Tens of thousands of military and overseas Americans casting ballots online this fall face a high risk of being hacked, threatening to cause chaos around Election Day if their votes get manipulated or they transmit viruses to state and local election offices. More than 30 states — including battlegrounds such as Colorado, Florida, Iowa, Nevada and North Carolina — allow various methods of online voting for citizens living outside the U.S. While state officials insist their ballots will be counted without any serious problems, ample warnings are nonetheless being sounded from the left, right and even inside the federal government that internet votes can’t be securely transmitted in today’s everything-is-hackable environment. “It’s not something you would do with your Social Security number. You shouldn’t do it with your ballot,” warned Susannah Goodman, director of voting integrity at Common Cause. It’s a point of pride for many states that Americans abroad and overseas troops can even cast a ballot online using the latest in technology, giving these voters a say on their next commander in chief even if they’re stationed in a remote or even hostile location, like Afghanistan or Iraq.
“We’ll take military votes however they are able to get them to us,” Arizona Secretary of State Michele Reagan, a Republican, said in an interview. But that kind of patriotic goodwill masks a potent political problem: Even though these online voters represent a small slice of the overall electorate, any challenges to their ballots’ validity could spark an explosive controversy in an election darkened by accusations of meddling by Russian hackers and evidence-free claims of mass voter fraud.

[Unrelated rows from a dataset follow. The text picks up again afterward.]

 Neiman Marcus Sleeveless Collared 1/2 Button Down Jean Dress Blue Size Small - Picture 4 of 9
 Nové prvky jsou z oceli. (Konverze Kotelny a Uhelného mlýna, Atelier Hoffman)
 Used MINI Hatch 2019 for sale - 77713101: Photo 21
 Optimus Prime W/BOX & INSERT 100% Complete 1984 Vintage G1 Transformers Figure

… Among the warnings: Voters may be inadvertently returning a ballot laden with malware, such as spyware, that expose its privacy and make it susceptible to manipulation in transit. Internet voting also can leave the state and local government networks susceptible to hard-to-detect cyberattacks once election officials in the U.S. open up the ballot via email or click on what looks like a seemingly legitimate document.

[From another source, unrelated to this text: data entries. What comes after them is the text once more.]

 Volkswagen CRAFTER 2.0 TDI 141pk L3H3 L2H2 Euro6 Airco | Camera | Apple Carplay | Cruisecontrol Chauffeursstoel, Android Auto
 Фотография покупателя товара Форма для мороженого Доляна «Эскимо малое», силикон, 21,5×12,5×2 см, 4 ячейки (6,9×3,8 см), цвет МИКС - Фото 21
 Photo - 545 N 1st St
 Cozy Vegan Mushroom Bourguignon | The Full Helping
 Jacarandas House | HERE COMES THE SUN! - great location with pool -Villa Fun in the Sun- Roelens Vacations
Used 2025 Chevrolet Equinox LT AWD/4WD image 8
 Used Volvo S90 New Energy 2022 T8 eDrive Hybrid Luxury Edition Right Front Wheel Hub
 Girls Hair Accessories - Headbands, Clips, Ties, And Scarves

“How much training have you gotten over the course of your career: Don’t click because of malware or a virus. Now you have someone sitting in the most sensitive office in the city or county government clicking on every friggin’ attachment,” said Jeremy Epstein, a senior computer scientist at the nonprofit research center SRI International and an expert on voting mechanics. “It’s just so tempting to send malware to one of these addresses,” Epstein added. “If someone is targeting the election office, this is the way to do it.”